2.1. Rust as an ahead-of-time compiled language
In this chapter, we will learn about compiled languages and why they are often used for systems programming. We will see that both Rust and C++ are what is known as ahead-of-time compiled languages. We will learn the benefits of ahead-of-time compilation, in particular in terms of program optimization, and also its drawbacks, in particular problems with cross-plattform development and the impact of long compilation times.
Programming languages were invented as a tool for developers to simplify the process of giving instructions to a computer. As such, a programming language can be seen as an abstraction over the actual machine that the code will be executed on. As we have seen in chapter 1.2, programming languages can be classified by their level of abstraction over the underlying hardware. Since ultimately, every program has to be executed on the actual hardware, and the hardware has a fixed set of instructions that it can execute, code written in a programming language has to be translated into hardware instructions at some point prior to execution. This process is known as compilation and the associated tools that perform this translation are called compilers. Any language whose code is executed directly on the underlying hardware is called a compiled languageThe exception to this are assembly languages, which are used to write raw machine instructions. Code in an assembly language is not compiled but rather assembled into an object file which your computer can execute..
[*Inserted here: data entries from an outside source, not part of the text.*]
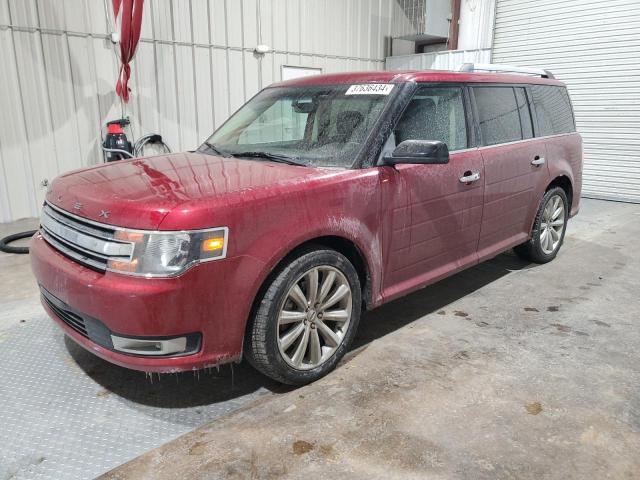 2016 FORD FLEX SEL 2FMGK5C89GBA16029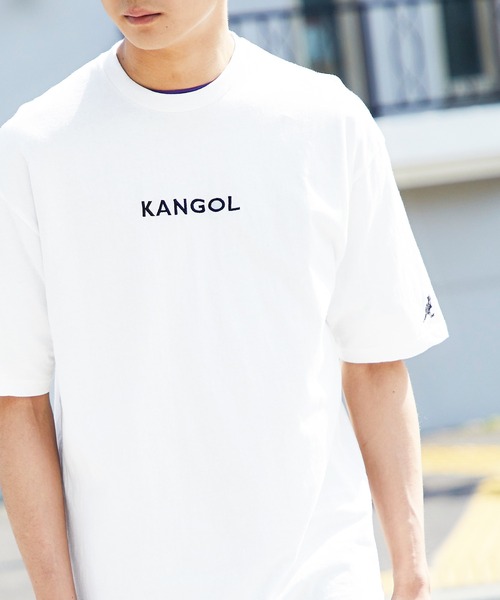 KANGOL - 配信者　グッズセット　タケゾー タケゾーコラボアイテム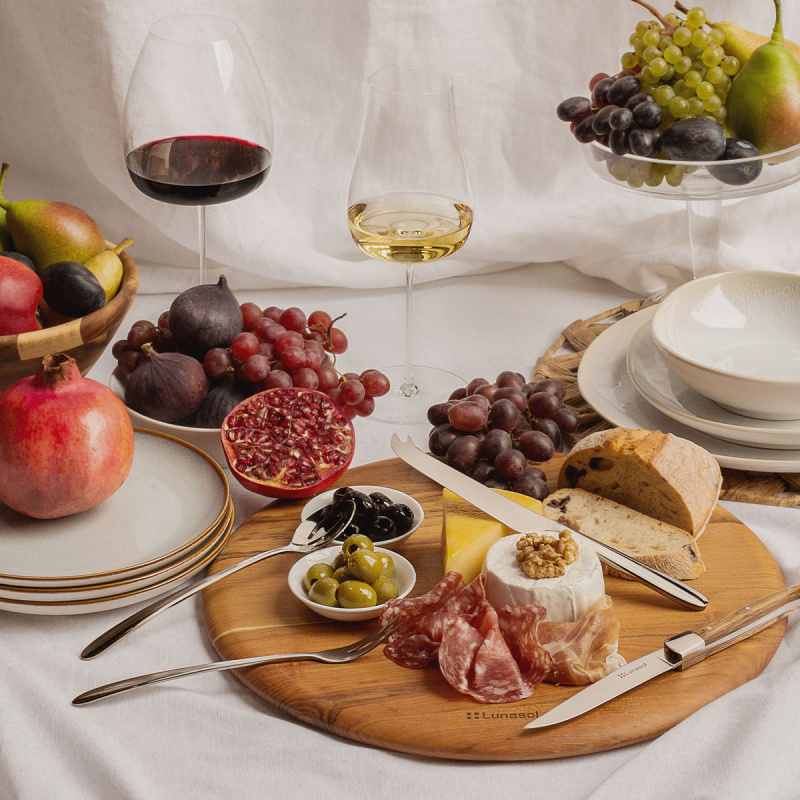 Set Antipasti 3 buc. – Alpha lucios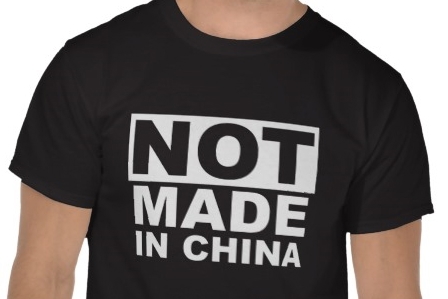 “Made in China” thất bại, Trung Quốc lén lút thâu tóm thương hiệu ngoại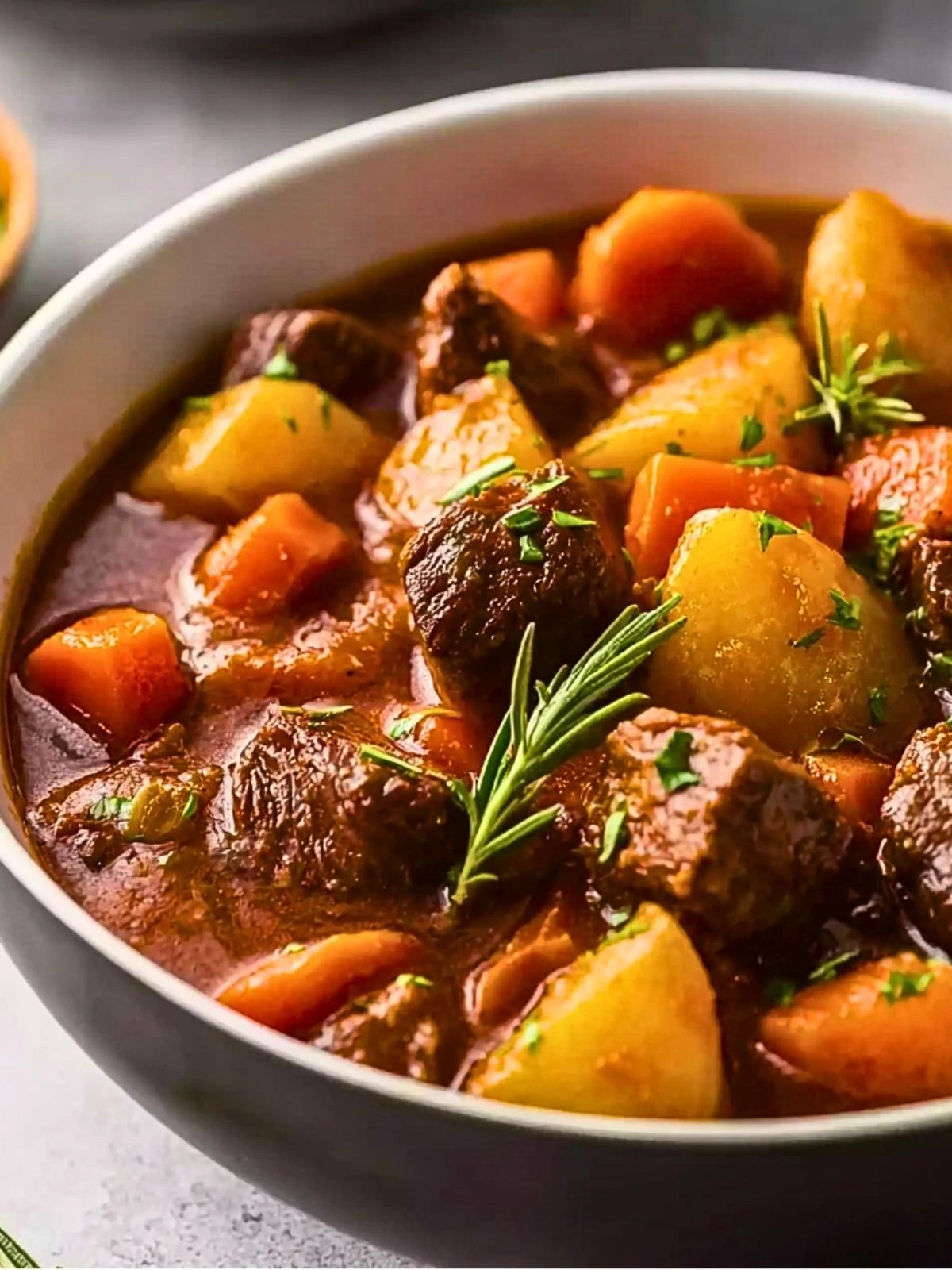 Dutch Oven Beef Stew (1)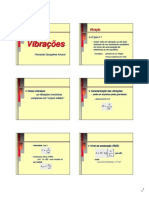 Vibracoes - Exposição Humana PDF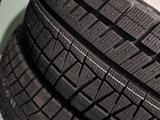 Bridgestone Blizzak 215-55-17 зимняя липучкаүшін55 000 тг. в Алматы – фото 3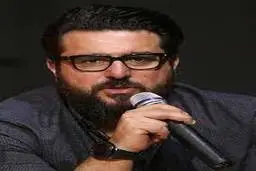 محسن کیایی بیمار است ؟ | تصویری عجیب و باورنکردنی از محسن کیایی که شوکه می‌شوید + عکس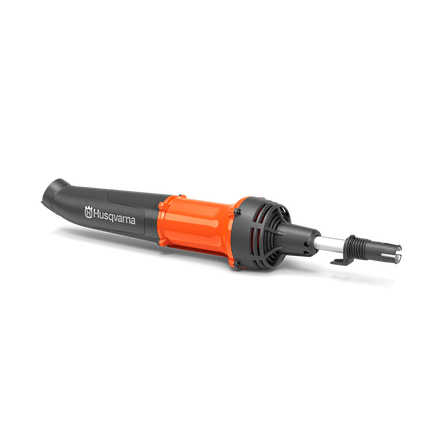 DB110  110iL lombfúvó adapter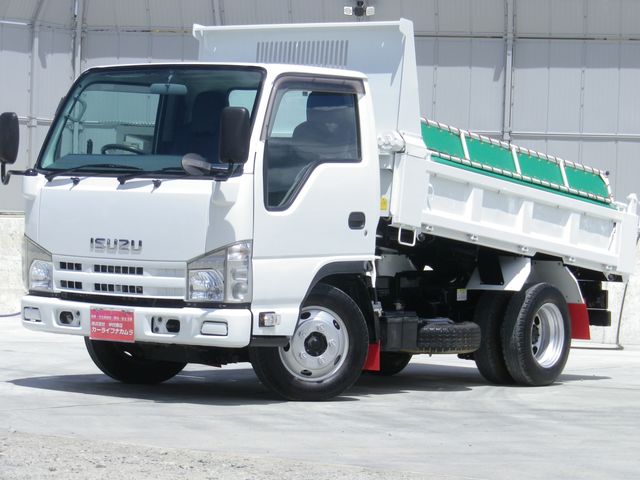 ISUZU ELF 2014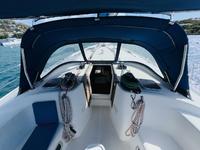 Beneteau Cyclades 50 Click to launch Larger Image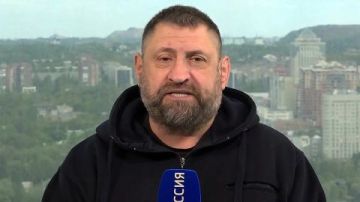 Александр Сладков: Харьковский фронт, 16 августа
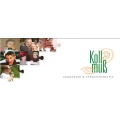 Logo Kollmu&szlig;, Sandra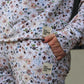 Slow Mornings Club Cotton Label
At this point, one might wonder if it is possible to execute code on anything else but the underlying hardware of a computer system. To answer this question, it is worth doing a small detour into the domain of theoretical computer science, to gain a better understanding of what code actually is.
Detour - The birth of computer science and the nature of code
In the early 20th century, mathematicians were trying to understand the nature of computation. It had become quite clear that computation was some systematic process with a set of rules whose application enabled humans to solve certain kinds of problems. Basic arithmetic operations, such as addition, subtraction or multiplication, were known to be solvable through applying a set of operations by ancient Babylonian mathematicians. Over time, specific sets of operations for solving several popular problems became known, however it remained unclear whether any possible problem that can be stated mathematically could also be solved through applying a series of well-defined operations. In modern terms, this systematic application of a set of rules is known as an algorithm. The question that vexed early 20th century mathematicians could thus be simplified as:
"For every possible mathematical problem, does there exist an algorithm that solves this problem?"
Finding an answer to this question seems very rewarding. Just imagine for a moment that you were able to show that there exists a systematic set of rules that, when applied, gives you the answer to every possible (mathematical) problem. That does sound very intruiging, does it not?
The main challenge in answering this question was the formalization of what it means to 'solve a mathematical problem', which can be stated as the simple question:
"What is computation?"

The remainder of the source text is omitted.